L.-P. ARGUIN     Fluctuation bounds for interface free energies in spin glasses
Slides
One way to understand the structure of the Gibbs states of disordered systems is to get good bounds on the fluctuations of the free energy difference between two states. This approach has led to the proof of the absence of phase transition in the 2D Random Field Ising Model (RFIM) at the end of the 1980’s. We will explain a method to obtain lower bounds for the variance of the free energy difference of the Edwards-Anderson (EA) spin glass model on Z^d between certain incongruent states (if they exist…). Unlike the RFIM, there is no dominance of the (+) and (-) states in the EA model. One interesting point of the method is to overcome this lack of monotonicity. The lower bound is also used to rule out particular structures of the Gibbs states in d=2. This is joint work with D. Stein, C. Newman and J. Wehr.

A. AUFFINGER     Recent results on mean field spin glass model
I will survey recent and ongoing progress on mean field spin glasses. I will primarily discuss the behavior and role of the Parisi measure in the SK model, and its connections to ultrametricity and chaos.
Based on joint works with Wei-Kuo Chen (U. Minnesota).

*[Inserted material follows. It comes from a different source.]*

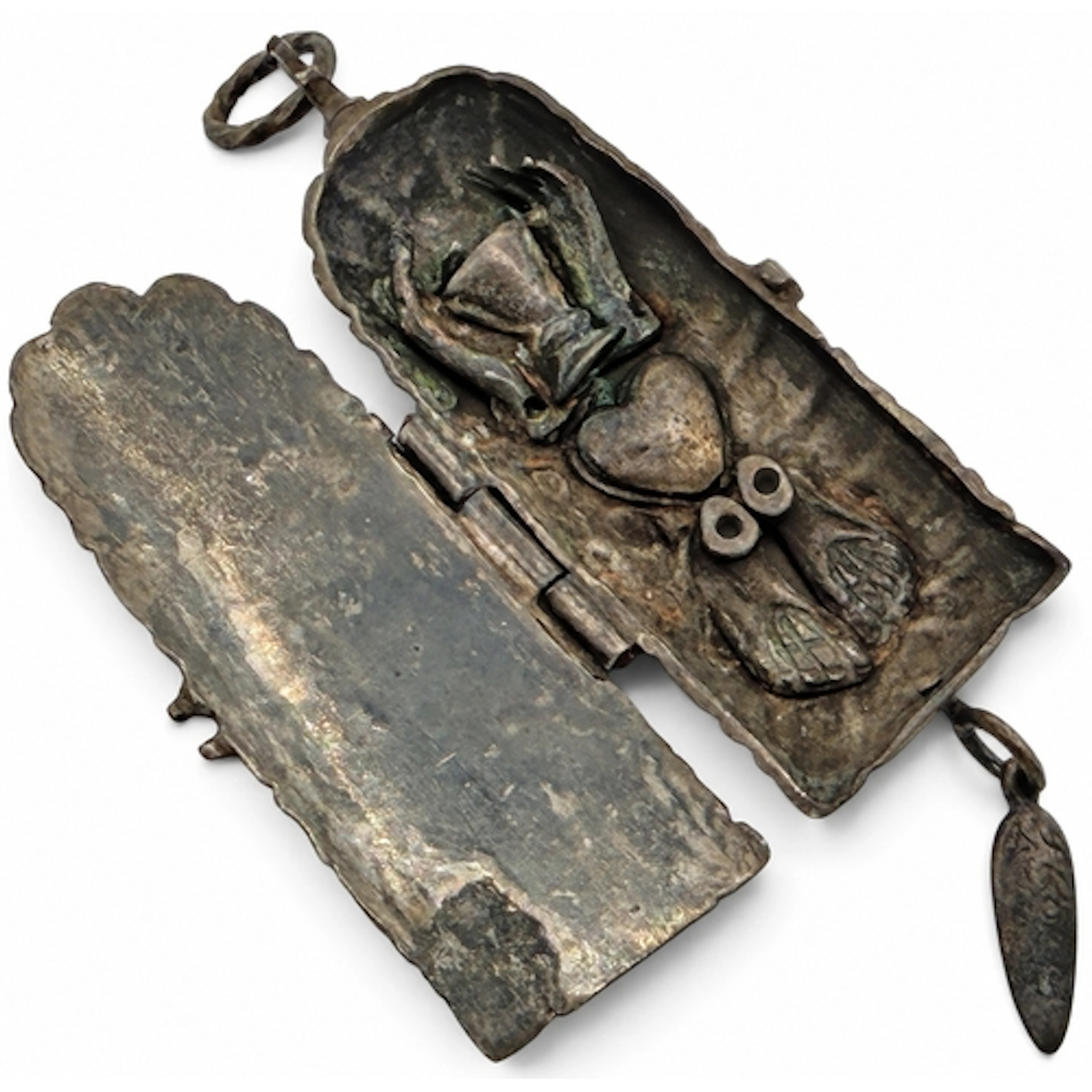 A Continental silver devotional pendant depicting the Arma C...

Y. BAKHTIN     Ergodic theory of Burgers equation with random forcing
Slides

I will talk about extending the ergodic theory of randomly forced Burgers equation (a basic nonlinear evolution PDE related to hydrodynamics and growth models) to the noncompact setting. In the inviscid case, a variational principle holds, so an essential part of the program is constructing one-sided infinite minimizers of random action and studying their properties. The corresponding results are joint with Eric Cator and Kostya Khanin for Poissonian forcing and due to myself in the kicked forcing case. I will also report on the progress for the viscous case (joint with Liying Li). Here the variational characterization is replaced by the Feynman-Kac formula, so a natural approach is to construct and study infinite-volume polymer measures.

P. BOURGADE      The eigenvector moment flow and applications
Slides
For generalized Wigner matrices, I will explain a probabilistic version of quantum unique ergodicity at any scale, and gaussianity of the eigenvectors entries. The proof relies on analyzing the effect of the Dyson Brownian motion on eigenstates.  Relaxation to equilibrium of the eigenvectors is related to a new multi-particle random walk in a random environment, the eigenvector moment flow. Applications of this local quantum unique ergodicity to universality will be mentioned. This is joint work with H.-T. Yau.

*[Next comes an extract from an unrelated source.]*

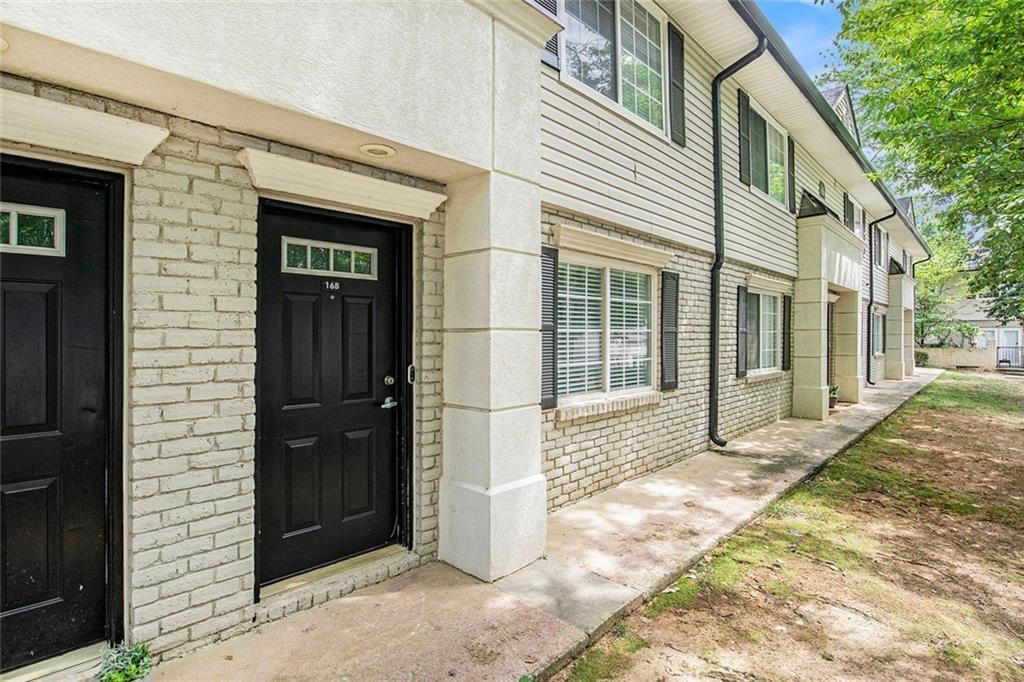 6940 Roswell Road, Unit 16B Atlanta, GA 30328 - Photo 2 of 27 a view of a brick house with a large windows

A. BOVIER    Extremes of Gaussian Processes on Trees
Slides
Gaussian processes indexed by trees form an interesting class of correlated random fields where the structure of extremal processes can be studied.
One popular example is Branching Brownian motion, which has received a lot of attention over the last decades, non the least because of its connection to the KPP equation.
In this talk I review the construction of the extremal process of standard and variable speed BBM (with Arguin, Hartung, and Kistler).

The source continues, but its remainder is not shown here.